1 Introduction

Speech is an effective way of communicating ideas from one person to another. When speech signal propagates through a highly non-stationary noisy medium then it may be distorted to a severely degraded level. Daily life noise patterns like pop music, exhibition hall, multi-talker babble, and restaurant are some of the examples of highly non-stationary noises that create maximum distortion in speech patterns. The distorted speech may become meaningless and sharp deterioration is evident in the performance of speech communication system Zhang (2010). Hence for removal/suppression of this highly-non-stationary noise from speech patterns an effective speech enhancement system is required. From the listener’s point of view, the other purpose of speech enhancement is to improve the speech intelligibility and clarity in speech patterns for better understanding of speech signals.

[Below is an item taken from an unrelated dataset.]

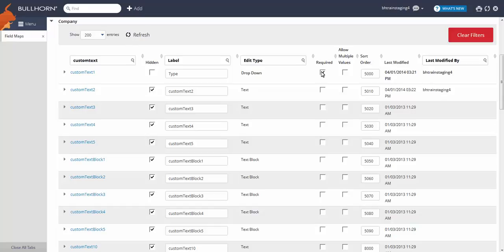Next, we have Sort Order. This is what controls where the field appears on the edit tab of a record. The lower the number, the higher it appears on the page. Just make sure not to repeat numbers. In this case, a sort order number of 140 will position the field neatly between your business sectors and ownership fields.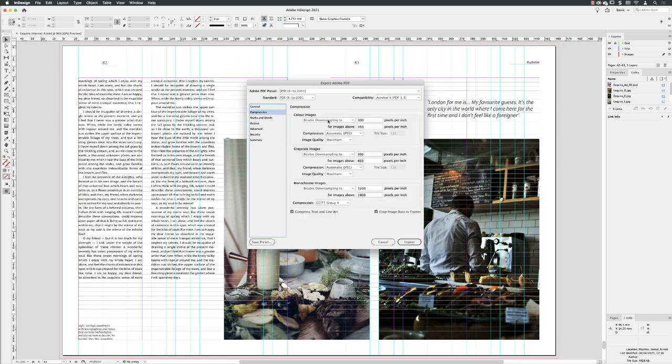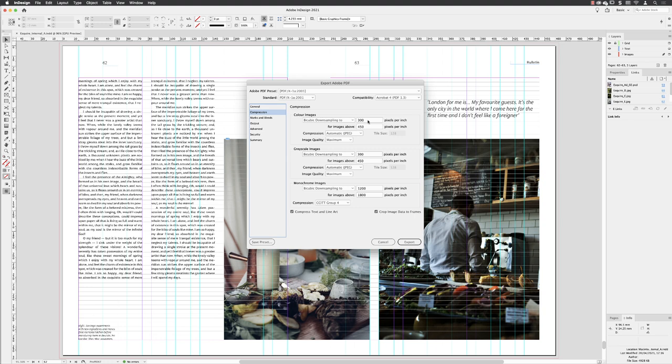Under Compression, it's going to check your document and if it finds any images that have a PPI of 450 or greater, it will downgrade them to the minimum that we need of 300 in an effort to save file size in the finished PDF.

There are various speech enhancement methods available in the literature (Singh et al. 2014; Boll 1979; McAulay and Malpass 1980; Ephraim 1992; Dendrinos et al. 1991; Ephraim and Trees 1995; Jensen and Hansen 1995; Yi and Loizou 2004; Bahoura and Rouat 2006; Johnson et al. 2007; Hongyan et al. 2008; Jie and Heping 2012; Farah and Celia 2012; Singh et al. 2014; Gabor 1946; Singh et al. 2013; Goupillaud et al. 1984). In general, the speech enhancement methods may be classified into four groups, i.e., spectral-subtractive algorithms Singh et al. (2014), statistical-model based algorithms McAulay and Malpass (1980); Ephraim (1992), subspace algorithms Ephraim (1992); Dendrinos et al. (1991); Ephraim and Trees (1995), and wavelet transform (WT) (Yi and Loizou 2004; Bahoura and Rouat 2006; Johnson et al. 2007; Hongyan et al. 2008; Jie and Heping 2012; Farah and Celia 2012). Wavelet transform analysis gives information in frequency and time both; it is a time-frequency analysis which is highly suitable for analysis of mixed highly non-stationary noise with speech signal in comparison to traditional Fourier transform analysis (Singh et al. 2014; Gabor 1946). Wavelet transform provides a multi-resolution analysis of highly non-stationary speech signals by using long windows for low frequencies and short windows for high frequencies Goupillaud et al. (1984). Hence, wavelet is much effective in all noisy environments for enhancement of speech patterns. Basically, soft and hard thresholds are the most commonly used function in wavelets for speech enhancement. The residual noise remains in enhanced speech due to discontinuity of hard threshold function while the soft threshold is continuous but it gives an unavoidable error at time of speech reconstruction.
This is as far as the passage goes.